We have two scalar CLR Regex functions in T-SQL, one for identifying a match (util.uf_RegexIsMatch), and the other for finding all matches first and then doing a replacement (util.uf_RegexReplace). A colleague of mine recently brought to my attention a counter-intuitive test result: when applied on a table of a half million normal VARCHAR records, util.uf_RegexIsMatch ran 3 times slower than util.uf_RegexReplace and consistently. That was very surprising. Without knowing exactly how the two Regex functions are implemented in .Net, intuitively IsMatch is doing less work than Replace, and so we were expecting the other way around and if not 3 times fasters, at least as fast, which was proven to be the case when doing comparison tests in C#.
It did not make sense. So I started a little investigation. I made sure the query plans were all right: simple table scan and after repeated runs, all the data was in the cache (SET STATISTICS IO ON showed no physical reads and only logical reads and they were the same for both). That meant both had the same IO cost and the only difference must have been in the functions themselves. Then, I looked at the CREATE FUNCTION syntax and noticed that the input parameter for util.uf_RegexIsMatch was of type NVARCHAR(MAX) and that for util.uf_RegexReplace NVARCHAR(4000). I knew the type had to be a Unicode type because that is required by all CLR objects. But could the MAX have been the cause? It was hard to believe but I decided to give it a try. I recreated the function util.uf_RegexIsMatch by using NVARCHAR(4000) for the input parameter, and re-ran the tests. Whala! The comparison went to the right direction. Also as a curiosity, making both input parameters of the same type of NVARCHAR(MAX) had the same expected and obviously slower comparison result.

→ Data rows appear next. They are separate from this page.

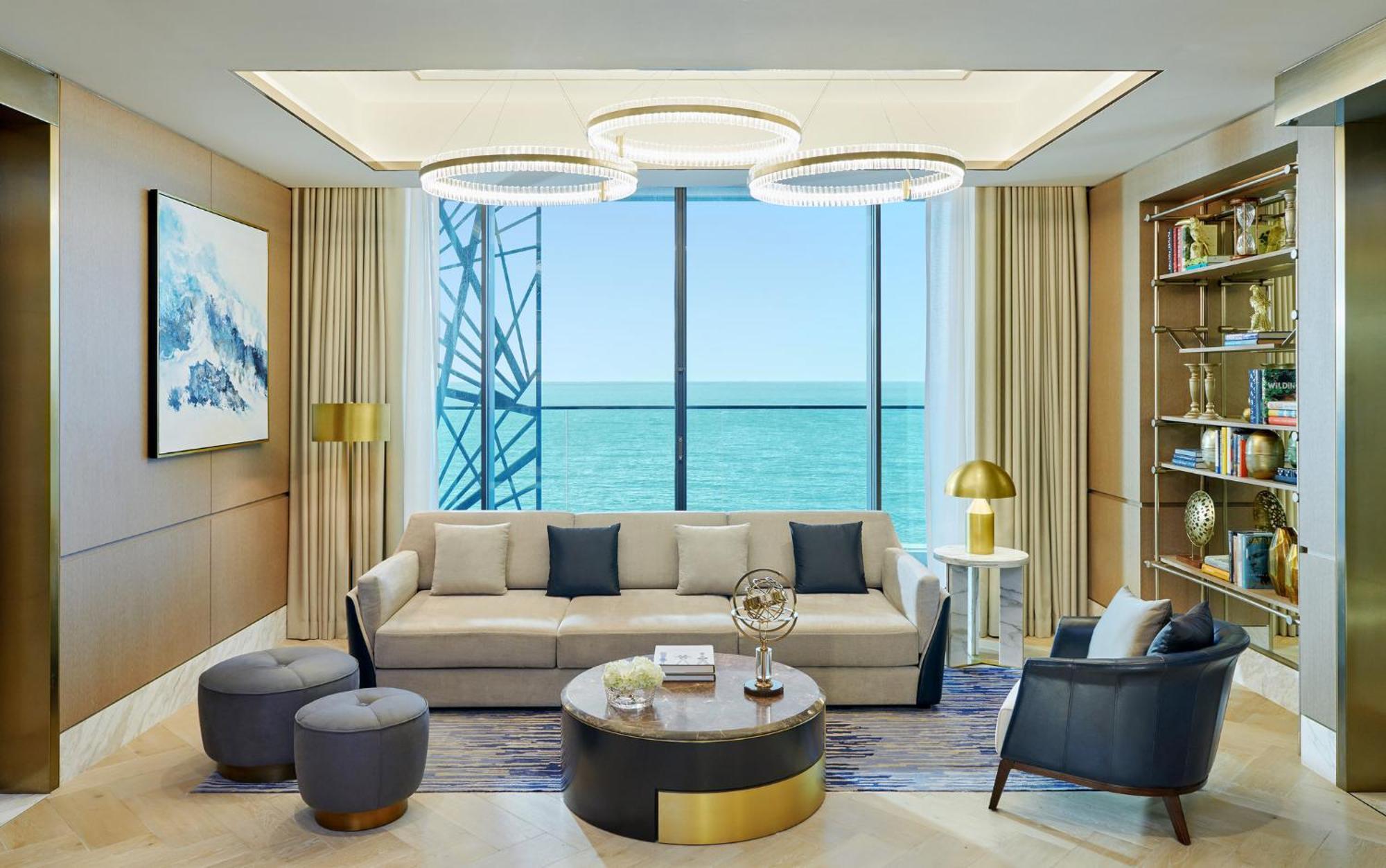 Mandarin Oriental Jumeira, Resort Dubai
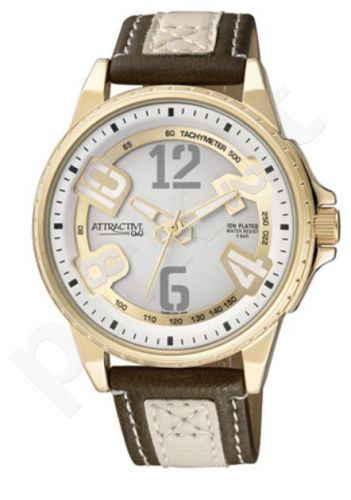 Laikrodis Q&Q  Q&Q ATTRACTIVE GT COUPE COLLECTION DA66J104Y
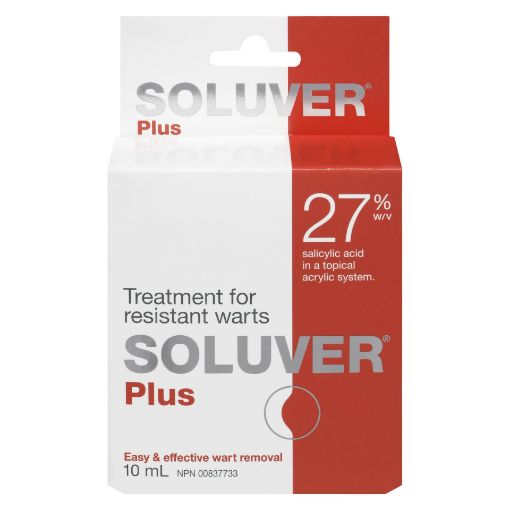 Picture of SOLUVER PLUS 10ML                          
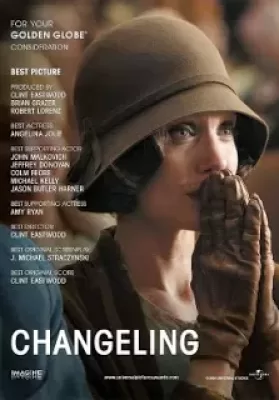 Changeling (2008) กระชากปมปริศนาคดีอำพราง ดูหนังออนไลน์ HD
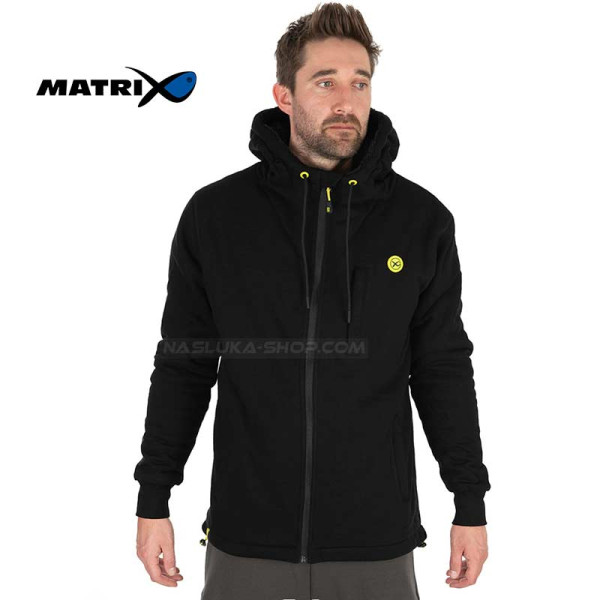Суичър Matrix Sherpa Hoody — снимка 1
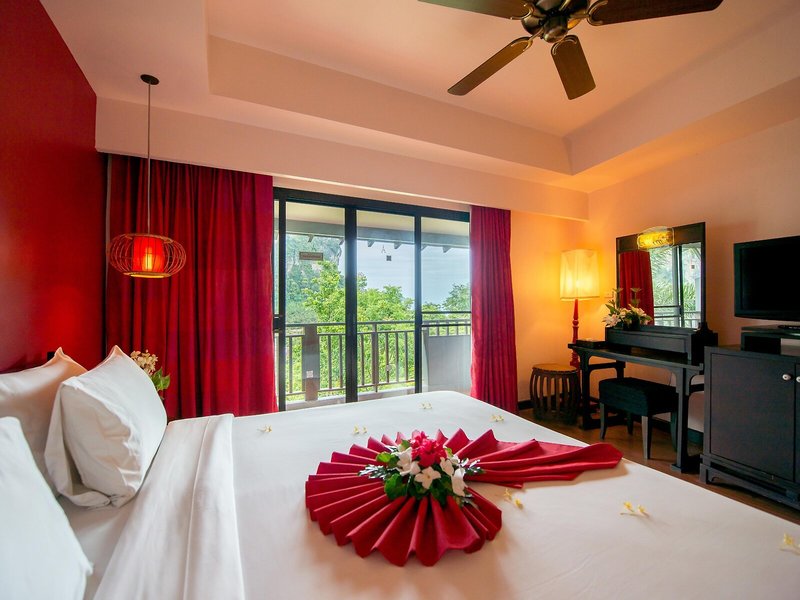 Krabi Cha Da Resort 41 - Room Example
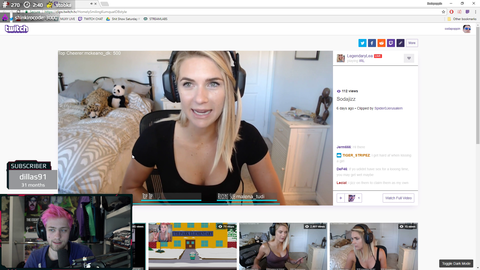 Soda sex life exposed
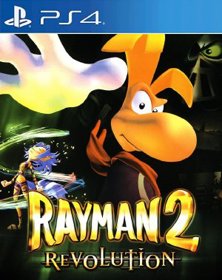 Rayman 2 Revolution (PS2 Classics)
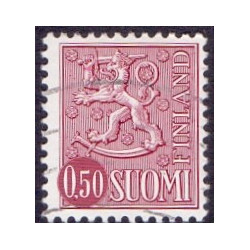 Finland. 1974. Suppleringsværdi. AFA nr. 755 **    stemplet **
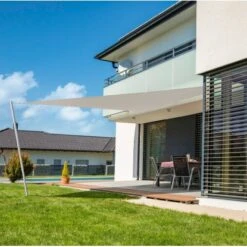 Segel Cannes DR 3 X 3 X 3 M Grey -Doppler Verkäufe 2024 9003117107113 1309 6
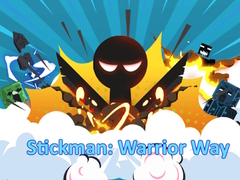 เกม Stickman: Warrior Way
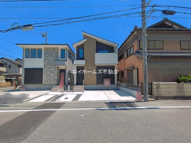 名古屋市中川区中須町字藤六1-3『仲介料無料』新築戸建ての画像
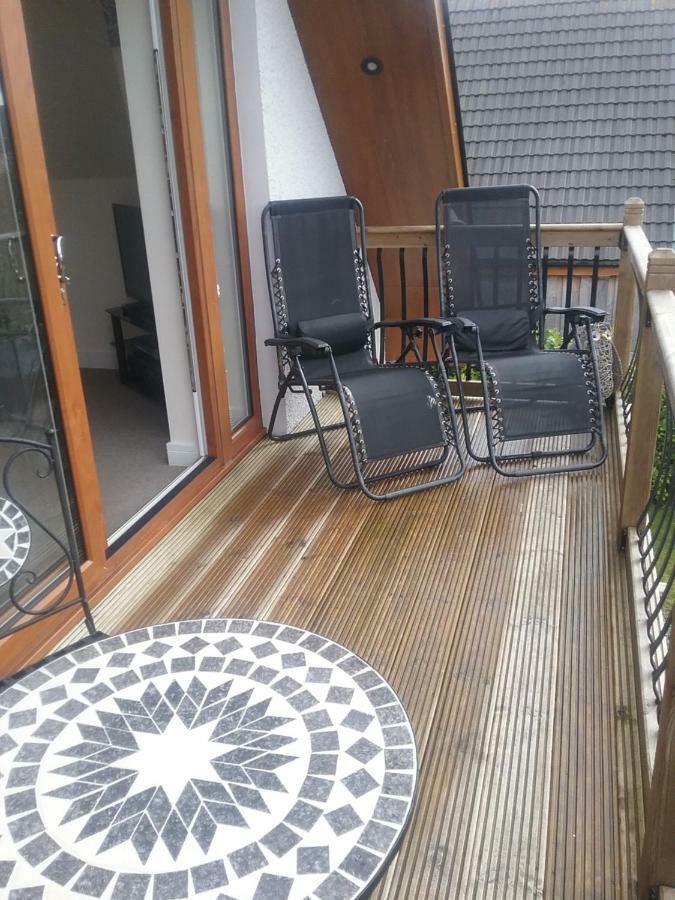 Lochview Chalet Eyre 외부 사진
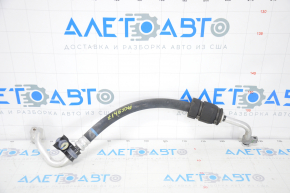 Air conditioner tube compressor-heater Honda Accord 16-17 rest hybrid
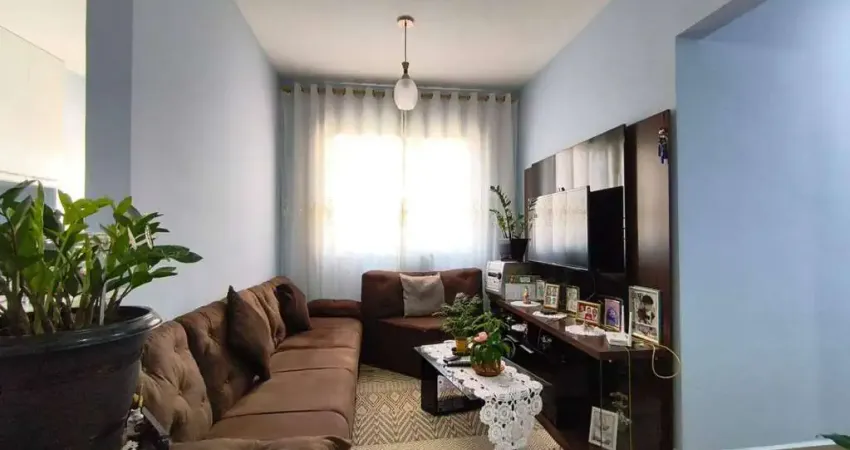 Apartamento com 2 dormitórios à venda, 54 m² por r$ 275.000,00 - nossa senhora aparecida - itu/sp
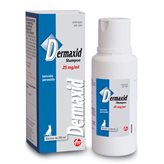 Dermaxid Shampoo Per Cani Flacone 250ml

In our case, we do not really need MAX, or even 4000 because the column in the table to feed the input parameters of the functions is only VARCHAR(50). I played with other numbers smaller than 4000 for the variable-length and found that made no performance difference as compared to 4000, so we standardized on NVARCHAR(4000) for the two functions. And they will be our default functions used in production. If necessary, we can create their counterparts with NVARCHAR(MAX) to handle special cases.
Is the above just a special and isolated case or does it have general validity?
Further investigation has shown that MAX in general has negative performance impact not only on CLR functions, but also T-SQL user defined functions. I suspect it is also true for stored procedures. In addition, it is true even for ad hoc query batches, which can be simulated by comparing the following two simple batches. Be sure to check "Discard results after executive" in your SSMS options so that no display will contaminate the test.
Note that a number after GO tells the query processor to execute the batch that many times.
---- Batch 1: normal variable-length variable
GO 50000
---- Batch 2: MAX
GO 50000

On my notebook running XP and SQL Server 2008 (Katmai) CTE, Batch 1 completes in 12 secs and Batch 2 completes in 16 secs, consistently. That is a difference of over 30%!

In conclusion, the flexibility that comes with MAX is not free. The difference in performance from using the normal variable-length counterpart can be unexpectedly huge. We need to evaluate each situation to really justify its use and even in that case, we may be better off creating two versions of the objects (functions, stored procedures), one for handling the normal production scenarios and the other for the special cases. I personally would like to study and know more about how SQL OS allocates and de-allocate memory for MAX variables to understand the range of differences in performances.